You need a SINGLE crossover where the yard lead joins the main in the upper left, so trains in/out of the yard can access BOTH mains.

Drop down to the "inner double main and your coal mine. I would relocate the switch to the mine more "to the right", and have a single short crossover to the left of the mine lead, so trains could access the mine from EITHER main track.

Coal mine needs more than one track.
Perhaps one or two "storage tracks", one for empties in, the other for loads waiting to go out.

Keep in mind that on American railroads, particularly in the days of steam, that where there was double track, trains generally "kept to the right". That's because the lion's share of automatic block systems in those days were "251 territory". This meant they were signaled in only one direction.

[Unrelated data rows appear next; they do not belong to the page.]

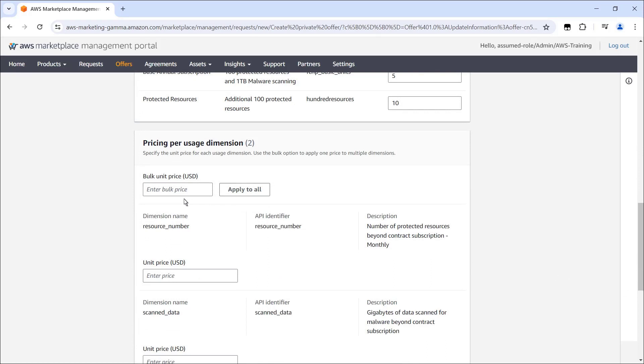Let's enter a bulk unit price and apply it to all the dimensions. Please note that the additional usage section does not apply for a SaaS contract-only pricing model.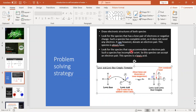Look for the species that can accommodate or accept an electron pair. A species that can accept an electron pair is called a Lewis acid. Such a species has an incomplete octet — it is electron-deficient and requires electrons from outside. Because it accepts electrons from other species, it is called a Lewis acid.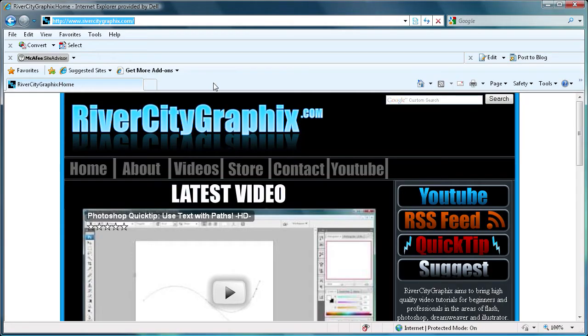Hi and welcome to this tutorial brought to you by River City Graphics. Today I'm going to be showing you how you create a favicon.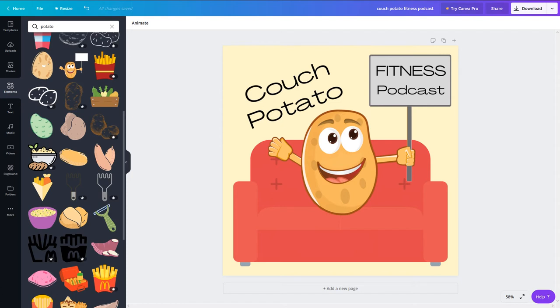Perhaps you'd prefer your podcast art to look more like a cartoon. For that, you can use Canva's free clip art to create your design. We used clip art of a couch and a potato to create the second cartoon style option of our graphic.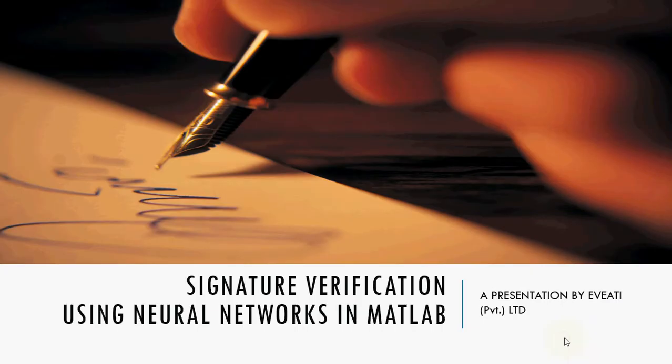Hi this is Hafsa from Experts Vision and today we will see how to detect signature forgery using neural networks in MATLAB. This is also called signature verification.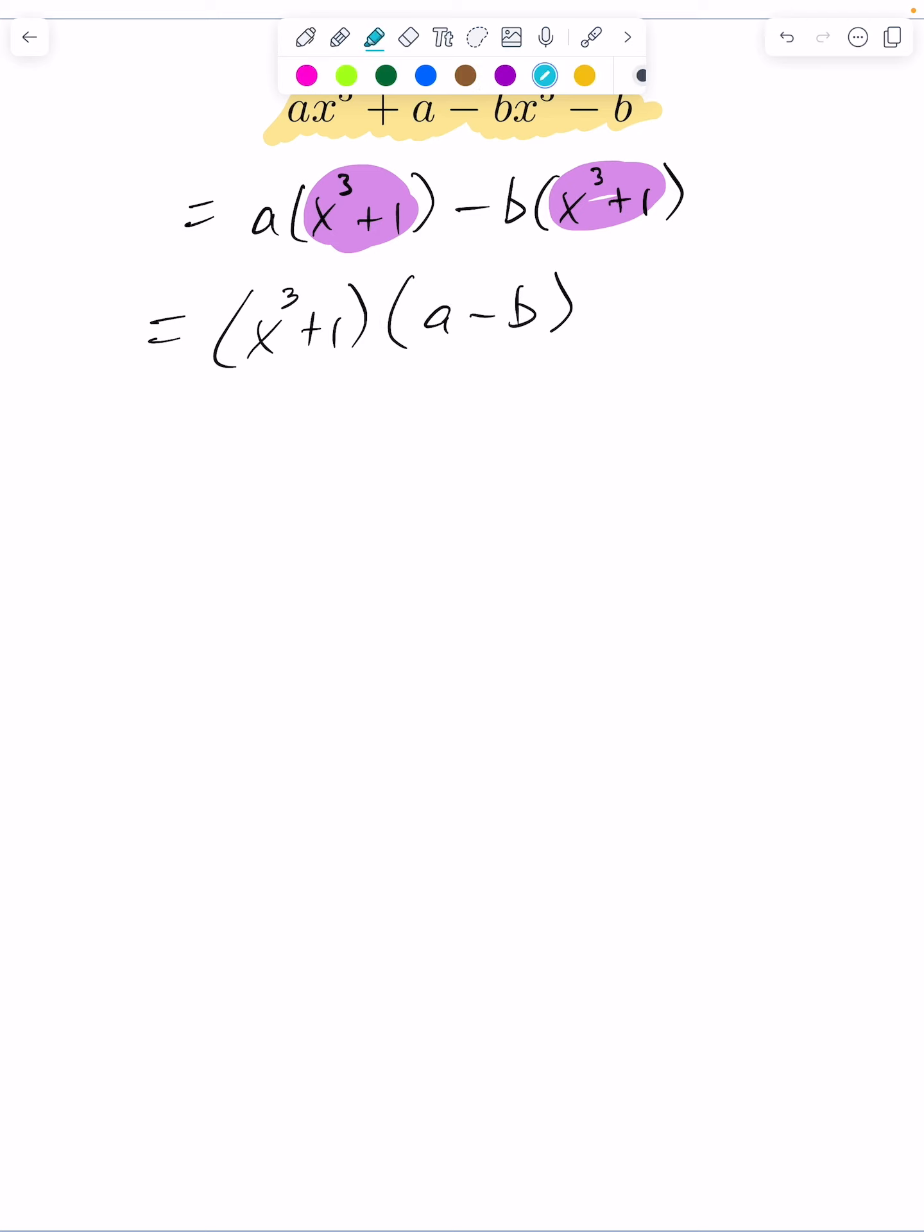So now that I've done that, I now have myself the sum of cubes formula here. I can rewrite this as x cubed plus one cubed times a minus b.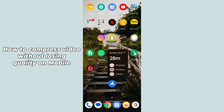Hello guys, welcome back! In today's video I'm going to show you how to compress video without losing quality on mobile. It's pretty simple, let's get started. I'm going to tell you two methods.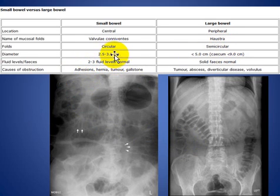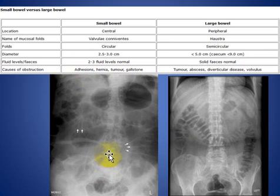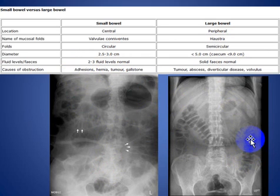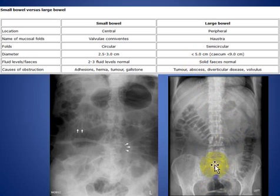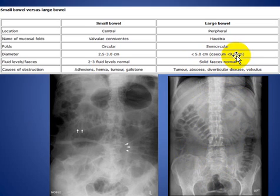The diameter of the small bowel is about 2.5 to 3 cm maximum. In the large bowel, it is less than 5 cm in the transverse colon and sigmoid colon, and in the cecum it is less than 9 cm.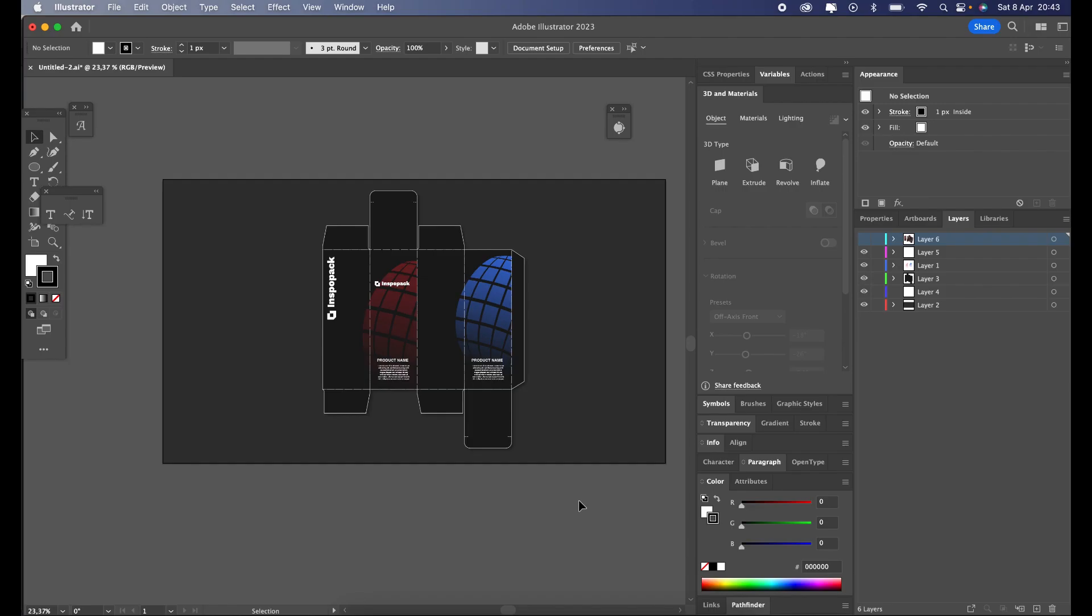Hi and welcome to this tutorial where we will show you how to correctly set up a bleed for our box. Bleed allows you to spread artwork to the edge of a page without getting white pieces of paper on the edges. That's why it's a must-have when preparing any artwork for printing.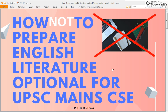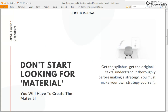Hi guys, this is Harsh Bardwaj. I'm back with a very crucial video. The title is 'How NOT to Prepare English Literature Optional for UPSC Mains.' The reason I've come up with this video is because a lot of students and aspirants that I've come across in the last couple of years since I started teaching — posting videos — a lot of them start off with the wrong premise.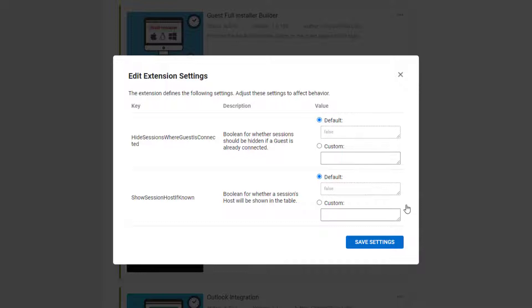If Show Session Host if known is enabled, the session's host will be displayed in the table.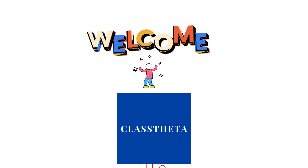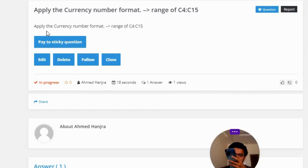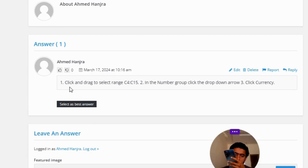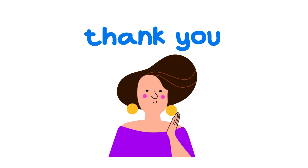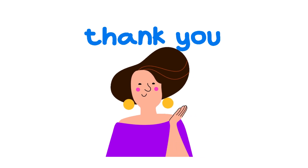Today's question is: apply the currency number format to the range C4:C15. The correct answer is: number one, click and drag to select range C4:C15. Number two, in the number group, click the drop-down arrow. Number three, click currency. That's the correct answer.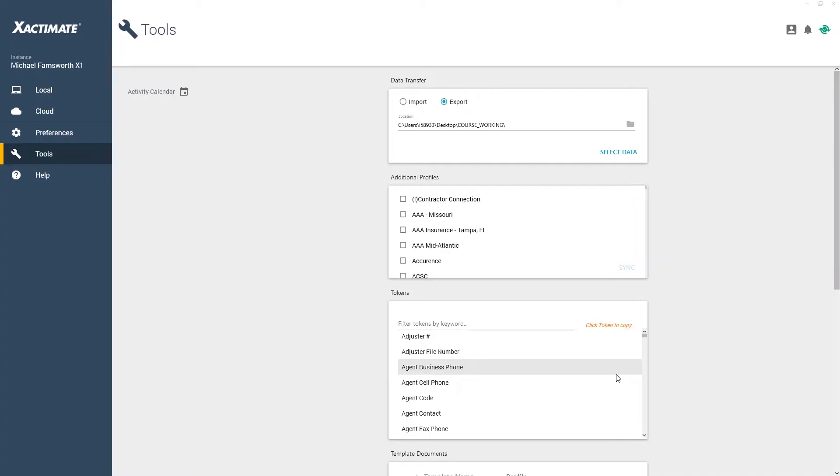Now that I have exported the price list I want from Xactimate, I can now import it into another instance.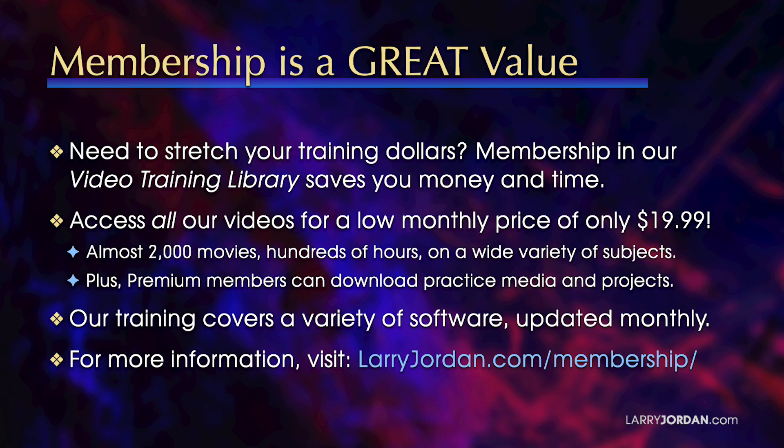membership in our video training library saves you money and time. You can access all our videos for a low monthly price of only $19.99. That's almost 2,000 movies, hundreds of hours on a wide variety of subjects. Plus premium members can download practice media and projects. Our training covers a variety of software and we update it multiple times each month. For more information, visit LarryJordan.com slash membership. And thanks.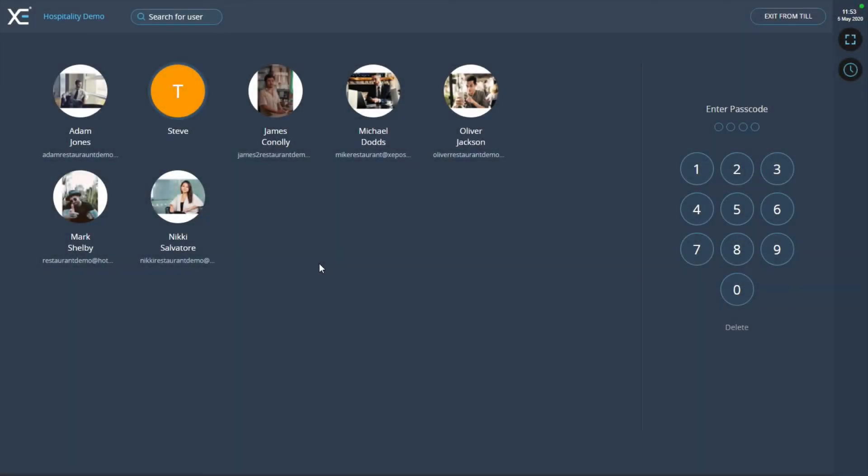Splitting by payment method. In your XePOS software, a bill can be split by two or more individual payments or by product. This allows you to serve large groups of customers making multiple payments with ease.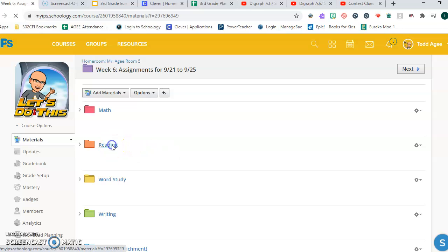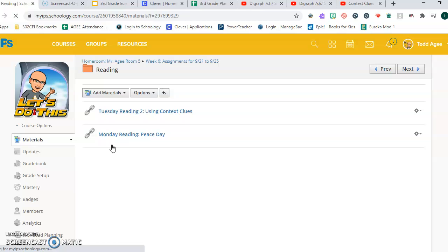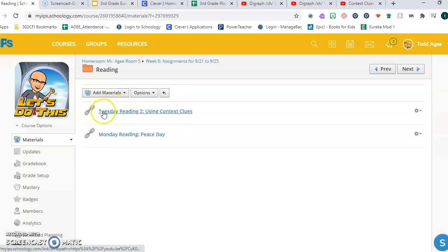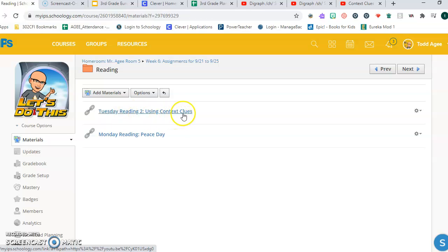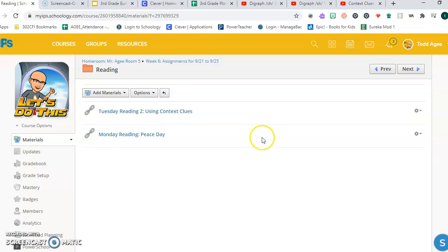Your independent task is to click into the reading folder and watch this video called Tuesday Reading 2 using context clues. When you click into it, it'll open up a YouTube video teaching a lesson about how to use the words around an unfamiliar word or phrase to help you figure out what that unfamiliar word or phrase is.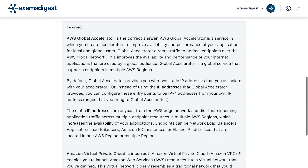The correct answer is A. AWS Global Accelerator. AWS Global Accelerator is a service in which you create accelerators to improve availability and performance of your applications for local and global users. Global Accelerator directs traffic to optimal endpoints over the AWS global network.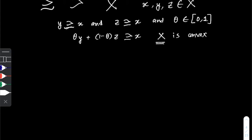What this means is that for any two bundles y and z that are each viewed as being at least as good as a third bundle x, if we take a weighted average of these two bundles and this weighted average is also viewed as being at least as good as x, then we say that this preference relation is convex.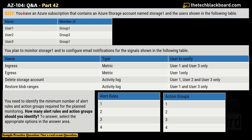Question 237: You have an Azure subscription containing a storage account named Storage 1 and users shown in a table — User 1, 2, and 3, members of Group 1, Group 2, and Group 1 respectively. You plan to monitor Storage 1 and configure email notifications for signals: ingress (incoming data), egress (outgoing data), delete storage account, and restore blob ranges. The notification targets are: User 1 and User 3 for ingress; User 1 only for egress; User 1, 2, and 3 for delete storage account; and User 1 and User 3 for restore blob ranges.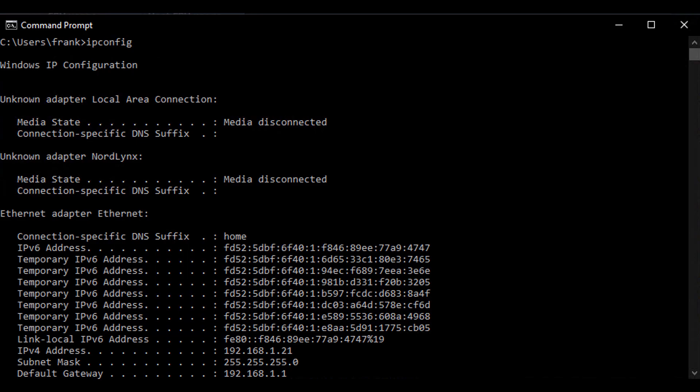Through DHCP your router will hand out an IP address. Without getting too technical, you can have a static IP address meaning it will never change, or more likely you'll have a dynamic IP address with a certain reservation period. But really all we care about here is the subnet that we're using. You'll see that I'm using the 192.168.1 subnet and my IP address is .21.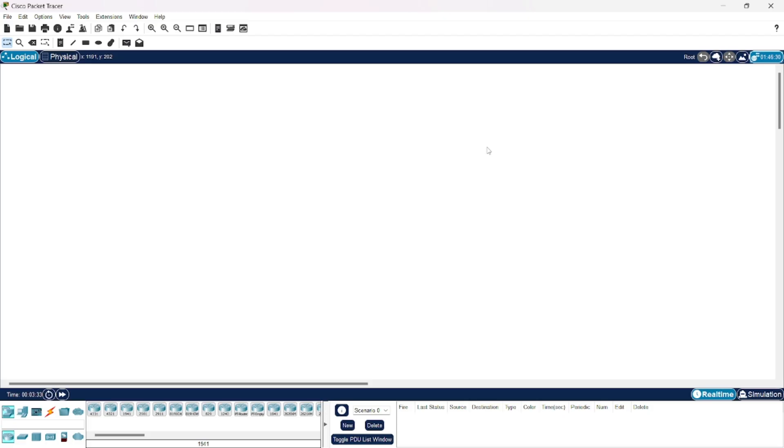Hello everyone, in this video we are going to configure a DNS server. First we will drop the network and then connect the devices.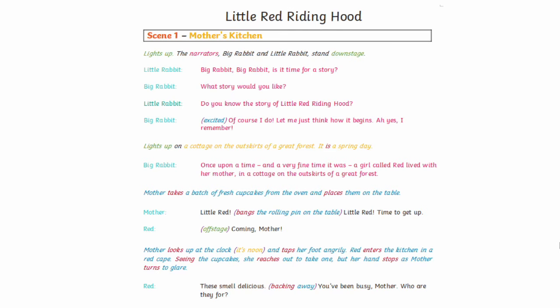Now let's take a look at an example and go through some of the other features of a play script. Here is an extract from a play script telling the story of Little Red Riding Hood. The first thing we have at the top is the scene number. In plays, scenes are kind of like the chapters of a book, so you might want to switch to a new scene when the setting or the characters change, or if you move onto another part of the story.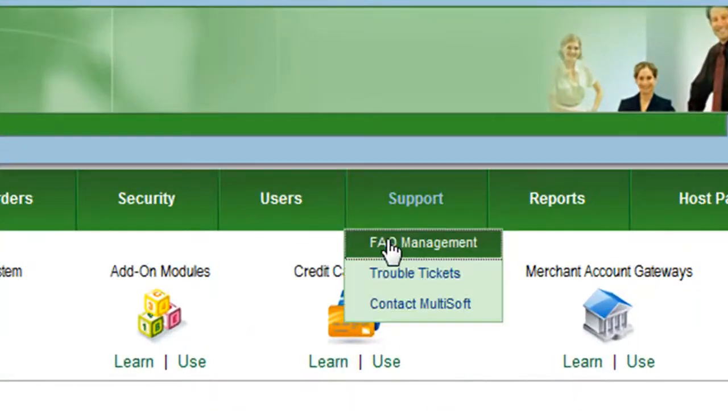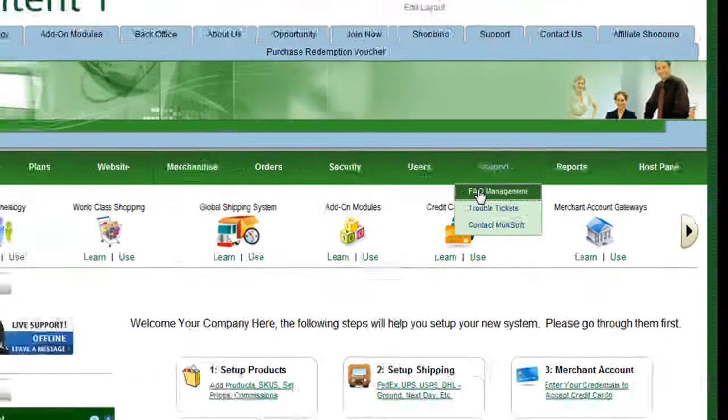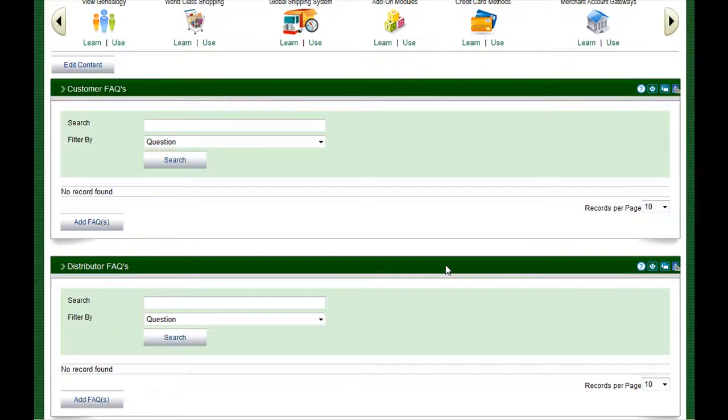FAQs, Frequently Asked Questions, allow you to quickly locate answers to commonly asked questions.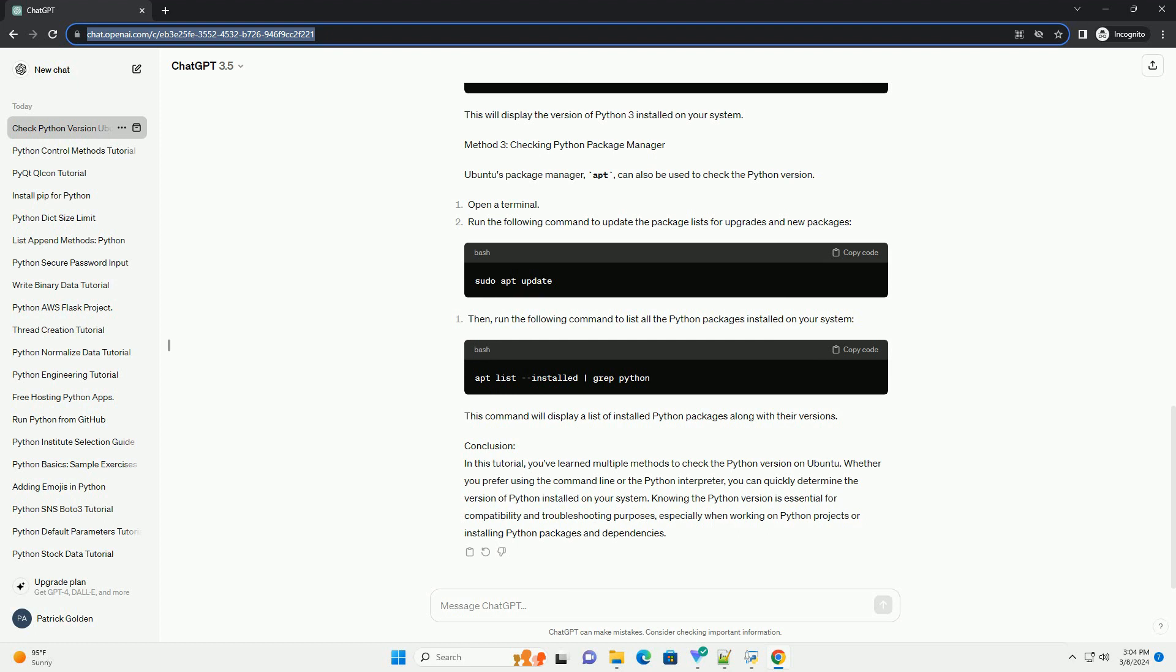Run the following command to update the package lists for upgrades and new packages. This command will display a list of installed Python packages along with their versions.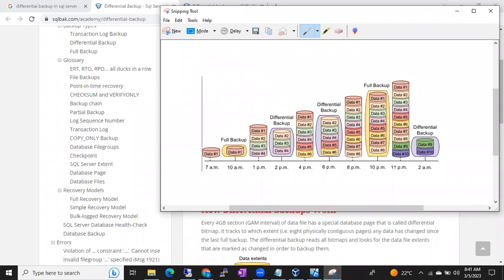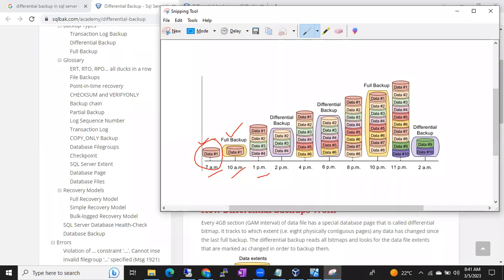Imagine at 7 o'clock in the morning we have one record in the database. Now at 10 o'clock you took the full backup. How many records are there — that many records only it will cover in that full backup. By 10 AM I have only one record in my database, so it took the backup of that one record. Now at 1 PM someone added records 2, 3, and 4.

This is less important if you're modelling today with modern signaling and "rule 261". Trains run in either direction as tracks are now signaled in BOTH directions.


----------



## flyboy2610 (Jan 20, 2010)

I would suggest painting the foam first. Use a cheap latex house paint, in tan or brown.


----------



## CTValleyRR (Jul 26, 2014)

Bigfoot21075 said:


> So do I glue the track down to the untouched foam layer and just work around it or is it better to paint the surface or something first?


Yes.

As I said in my earlier post, it doesn't matter. There is no right or wrong way to do it. I suggested some follow-on steps there as well (how to build up your scenery).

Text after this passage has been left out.